Paul White: Page Free Space

A technical SQL Server blog from New Zealand.

Deletes that Split Pages and Forwarded Ghosts

Can DELETE operations cause pages to split?  Yes.  It sounds counter-intuitive on the face of it; deleting rows frees up space on a page, and page splitting occurs when a page needs additional space.  Nevertheless, there are circumstances when deleting rows causes them to expand before they can be deleted.  The mechanism at work here is row versioning (extract from Books Online below):

Row versioning space usage

Isolation Levels

The relationship between row-versioning isolation levels (the first bullet point) and page splits is reasonably clear.  Any data that existed before either of the isolation levels was enabled will need to have the 14 bytes added by future data modifications, perhaps causing pages to split.  In this scenario, tables will likely contain a mix of records to start with, but over time (particularly as index maintenance is performed) the database will end up with row versions on most records, reducing the chances of a page split for that particular reason.

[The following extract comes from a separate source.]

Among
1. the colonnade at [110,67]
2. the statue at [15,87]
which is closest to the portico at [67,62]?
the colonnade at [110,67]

There is nevertheless a window of opportunity where adding the 14 bytes to an existing record could cause a page split.  No doubt there’s a recommendation out there somewhere to rebuild all tables and indexes when enabling or disabling a row-versioning isolation level on a database.  This is not all that interesting though, so let’s look at the second bullet point instead:

Triggers

The documentation says that versioning information is added if the table has a trigger.  What it doesn’t say is:

  • The extra bytes for row versioning can be added even where both READ_COMMITTED_SNAPSHOT and SNAPSHOT isolation are OFF.
  • This only applies to AFTER triggers, not INSTEAD OF triggers
  • The AFTER trigger also needs to be enabled to generate row versions, the mere existence of a trigger is not enough.
  • There is a very important exception to all the above…

SQL Server can still avoid adding the row-versioning information even where an enabled AFTER TRIGGER exists (the remainder of this post assumes that both row-versioning isolation levels are OFF, by the way).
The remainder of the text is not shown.